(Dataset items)
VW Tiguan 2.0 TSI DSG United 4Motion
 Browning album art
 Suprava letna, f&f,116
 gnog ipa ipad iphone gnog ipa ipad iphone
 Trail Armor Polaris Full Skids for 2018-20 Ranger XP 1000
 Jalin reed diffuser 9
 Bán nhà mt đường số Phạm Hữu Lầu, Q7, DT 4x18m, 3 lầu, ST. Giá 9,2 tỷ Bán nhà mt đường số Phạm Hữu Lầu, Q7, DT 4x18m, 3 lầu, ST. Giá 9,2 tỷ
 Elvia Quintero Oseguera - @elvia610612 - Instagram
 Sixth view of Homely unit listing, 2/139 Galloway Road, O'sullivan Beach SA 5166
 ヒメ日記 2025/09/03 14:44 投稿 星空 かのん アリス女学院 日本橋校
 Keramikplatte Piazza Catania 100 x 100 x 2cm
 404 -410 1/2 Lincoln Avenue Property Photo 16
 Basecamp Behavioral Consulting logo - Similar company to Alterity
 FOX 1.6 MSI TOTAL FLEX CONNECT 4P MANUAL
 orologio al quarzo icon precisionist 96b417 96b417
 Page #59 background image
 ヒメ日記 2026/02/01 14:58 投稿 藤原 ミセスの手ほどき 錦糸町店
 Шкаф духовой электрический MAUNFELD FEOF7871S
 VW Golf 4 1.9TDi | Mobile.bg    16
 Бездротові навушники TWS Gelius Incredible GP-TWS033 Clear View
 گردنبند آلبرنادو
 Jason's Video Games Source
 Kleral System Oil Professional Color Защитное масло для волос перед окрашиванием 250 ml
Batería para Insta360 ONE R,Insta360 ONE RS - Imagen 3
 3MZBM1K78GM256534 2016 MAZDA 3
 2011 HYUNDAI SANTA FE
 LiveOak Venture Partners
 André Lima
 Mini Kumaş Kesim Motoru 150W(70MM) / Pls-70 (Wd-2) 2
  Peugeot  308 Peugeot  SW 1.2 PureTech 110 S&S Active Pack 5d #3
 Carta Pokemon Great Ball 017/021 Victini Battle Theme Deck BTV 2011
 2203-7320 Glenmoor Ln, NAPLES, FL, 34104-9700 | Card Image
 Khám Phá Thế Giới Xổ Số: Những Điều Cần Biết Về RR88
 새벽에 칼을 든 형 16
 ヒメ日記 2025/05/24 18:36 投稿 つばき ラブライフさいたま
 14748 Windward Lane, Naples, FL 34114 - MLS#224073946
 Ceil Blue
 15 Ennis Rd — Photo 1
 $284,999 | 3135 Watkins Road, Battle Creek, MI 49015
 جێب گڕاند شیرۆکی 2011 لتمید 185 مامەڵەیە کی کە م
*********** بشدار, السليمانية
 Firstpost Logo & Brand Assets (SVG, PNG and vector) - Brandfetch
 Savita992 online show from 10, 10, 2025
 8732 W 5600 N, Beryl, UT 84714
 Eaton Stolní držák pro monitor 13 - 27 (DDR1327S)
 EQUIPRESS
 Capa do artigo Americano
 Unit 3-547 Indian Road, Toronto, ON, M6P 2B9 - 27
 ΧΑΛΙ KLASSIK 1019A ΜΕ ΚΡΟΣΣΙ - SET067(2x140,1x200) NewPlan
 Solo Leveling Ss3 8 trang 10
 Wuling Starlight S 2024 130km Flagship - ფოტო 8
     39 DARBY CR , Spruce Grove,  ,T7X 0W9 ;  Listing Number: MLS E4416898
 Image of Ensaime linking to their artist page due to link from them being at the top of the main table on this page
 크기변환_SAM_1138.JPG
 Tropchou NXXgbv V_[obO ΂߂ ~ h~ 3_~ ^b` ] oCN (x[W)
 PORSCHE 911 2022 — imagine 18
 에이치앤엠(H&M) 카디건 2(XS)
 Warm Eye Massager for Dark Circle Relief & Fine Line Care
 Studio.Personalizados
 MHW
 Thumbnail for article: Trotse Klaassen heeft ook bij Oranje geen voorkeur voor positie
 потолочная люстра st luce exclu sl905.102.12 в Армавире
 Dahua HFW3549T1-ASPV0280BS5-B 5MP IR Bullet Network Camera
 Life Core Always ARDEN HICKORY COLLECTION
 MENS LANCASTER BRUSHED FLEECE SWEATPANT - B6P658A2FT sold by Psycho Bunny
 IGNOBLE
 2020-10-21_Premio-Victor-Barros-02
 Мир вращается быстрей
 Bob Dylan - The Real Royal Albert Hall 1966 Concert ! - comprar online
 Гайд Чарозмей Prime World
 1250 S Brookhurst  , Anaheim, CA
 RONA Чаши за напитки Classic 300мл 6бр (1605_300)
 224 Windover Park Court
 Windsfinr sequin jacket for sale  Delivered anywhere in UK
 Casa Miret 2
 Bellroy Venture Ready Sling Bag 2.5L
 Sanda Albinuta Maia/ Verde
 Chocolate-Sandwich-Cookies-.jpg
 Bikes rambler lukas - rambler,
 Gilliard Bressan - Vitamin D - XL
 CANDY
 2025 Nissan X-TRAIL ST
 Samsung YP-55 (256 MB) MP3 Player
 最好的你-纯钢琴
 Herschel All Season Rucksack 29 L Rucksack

=== WHAT THE TASK REQUIRES ===
Write out word for word only the lines from the start of the entries down to the line with "2203-7320 Glenmoor Ln, NAPLES, FL, 34104-9700", please, including both ends.

=== REPLY TO THE TASK ===
VW Tiguan 2.0 TSI DSG United 4Motion
 Browning album art
 Suprava letna, f&f,116
 gnog ipa ipad iphone gnog ipa ipad iphone
 Trail Armor Polaris Full Skids for 2018-20 Ranger XP 1000
 Jalin reed diffuser 9
 Bán nhà mt đường số Phạm Hữu Lầu, Q7, DT 4x18m, 3 lầu, ST. Giá 9,2 tỷ Bán nhà mt đường số Phạm Hữu Lầu, Q7, DT 4x18m, 3 lầu, ST. Giá 9,2 tỷ
 Elvia Quintero Oseguera - @elvia610612 - Instagram
 Sixth view of Homely unit listing, 2/139 Galloway Road, O'sullivan Beach SA 5166
 ヒメ日記 2025/09/03 14:44 投稿 星空 かのん アリス女学院 日本橋校
 Keramikplatte Piazza Catania 100 x 100 x 2cm
 404 -410 1/2 Lincoln Avenue Property Photo 16
 Basecamp Behavioral Consulting logo - Similar company to Alterity
 FOX 1.6 MSI TOTAL FLEX CONNECT 4P MANUAL
 orologio al quarzo icon precisionist 96b417 96b417
 Page #59 background image
 ヒメ日記 2026/02/01 14:58 投稿 藤原 ミセスの手ほどき 錦糸町店
 Шкаф духовой электрический MAUNFELD FEOF7871S
 VW Golf 4 1.9TDi | Mobile.bg    16
 Бездротові навушники TWS Gelius Incredible GP-TWS033 Clear View
 گردنبند آلبرنادو
 Jason's Video Games Source
 Kleral System Oil Professional Color Защитное масло для волос перед окрашиванием 250 ml
Batería para Insta360 ONE R,Insta360 ONE RS - Imagen 3
 3MZBM1K78GM256534 2016 MAZDA 3
 2011 HYUNDAI SANTA FE
 LiveOak Venture Partners
 André Lima
 Mini Kumaş Kesim Motoru 150W(70MM) / Pls-70 (Wd-2) 2
  Peugeot  308 Peugeot  SW 1.2 PureTech 110 S&S Active Pack 5d #3
 Carta Pokemon Great Ball 017/021 Victini Battle Theme Deck BTV 2011
 2203-7320 Glenmoor Ln, NAPLES, FL, 34104-9700 | Card Image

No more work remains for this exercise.